Here at MassTortDefense we know that while not the “sexy” part of litigation, the nuts and bolts of settlement agreements are crucial to clients.  That is why it caught our eye that the U.S. Senate Judiciary Committee last week approved a bill that would require courts to consider so-called public health and safety concerns before approving the sealing of certain legal agreements and settlements in product liability suits.

The committee voted 12-6 to pass S. 623, the so-called Sunshine in Litigation Act. The bill would  prohibit a federal court, in any civil action in which the pleadings state facts relevant to the “protection of public health or safety,” from entering an order restricting the disclosure of information obtained through discovery, or from approving a settlement agreement that would restrict such disclosure, or restricting access to court records, unless in connection with that order the court has first made certain findings of fact.  Specifically, the bill requires the court to find that: (1) the order would not restrict the disclosure of information relevant to the protection of public health or safety; or (2) the public interest in the disclosure of past, present, or potential health or safety hazards is outweighed by a specific and substantial interest in maintaining the confidentiality of the information, and the requested protective order is no broader than necessary to protect the confidentiality interest asserted.

The bill similarly would prohibit the court from enforcing any provision of a settlement agreement that prohibits a party from disclosing that a settlement was reached or the terms of the settlement, other than the amount paid, or from discussing the civil action, or evidence produced in it, that involves matters relevant to the protection of public health or safety — unless, again, the court finds that the public interest in the disclosure of past, present, or potential health or safety hazards is outweighed by a specific and substantial interest in maintaining the confidentiality of the information or records in question, and the requested order is no broader than necessary to protect the confidentiality interest asserted.

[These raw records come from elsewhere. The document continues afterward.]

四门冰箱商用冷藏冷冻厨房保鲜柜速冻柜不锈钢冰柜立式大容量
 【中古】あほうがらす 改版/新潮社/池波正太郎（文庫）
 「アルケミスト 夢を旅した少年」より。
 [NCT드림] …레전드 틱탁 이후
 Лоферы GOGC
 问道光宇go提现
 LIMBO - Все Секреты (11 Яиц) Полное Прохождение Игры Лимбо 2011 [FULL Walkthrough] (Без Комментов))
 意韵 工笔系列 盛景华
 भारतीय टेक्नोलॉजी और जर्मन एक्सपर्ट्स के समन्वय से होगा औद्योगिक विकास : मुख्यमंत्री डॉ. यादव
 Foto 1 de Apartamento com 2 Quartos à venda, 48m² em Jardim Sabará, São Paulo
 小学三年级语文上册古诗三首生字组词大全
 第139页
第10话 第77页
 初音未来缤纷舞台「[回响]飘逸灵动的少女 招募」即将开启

Surprisingly Republican Senators. Orrin Hatch, R-Utah, and Chuck Grassley, R.-Iowa, joined all 10 Democrat committee members in support. But the bill seems ill-conceived and even unnecessary. As pointed out by the American College of Trial Lawyers’ Federal Rules of Civil Procedure Committee, the bill would establish an undesirable precedent by circumventing the procedure set out in the Rules Enabling Act that Congress established for amending the Federal Rules of Civil Procedure. These kind of ad hoc legislative initiatives that address specific parts of the Federal Rules contradict the careful, open, deliberative, rigorous ways that the rules have been amended from time to time.

Moreover, the bill would would unduly restrict the discretion of trial judges to regulate civil litigation and would impose substantial new fact-finding burdens on the courts, without a demonstrated need for those changes.  There is no compelling evidence that protective orders governing discovery or confidentiality provisions in settlement agreements are frequently abused. Nor is there evidence that federal courts do not currently have the power to regulate those agreements.

Moreover, as written, the bill would lead to more confusion, not less, regarding what information has to be released, and when.  As pointed out by Steve Zack, President of the ABA, the language is is vague and indefinite, threatening to sweep up many cases having little to do with true public health or safety.  And it certainly would  require the parties and courts to spend extensive time and resources litigating whether and how the statute applies.  The politicians seem to forget  that protective orders are critical to both plaintiffs and defendants, including by helping to safeguard against dissemination of highly personal sensitive information or trade secrets.

Perhaps Congress should spend less time on restricting judicial discretion and more on seeing that federal judges are paid a market-competitive wage.  A district court judge on the bench since 1993 failed to receive a total of $283,100 in statutorily authorized but then-denied pay. Appellate court judges have lost even more.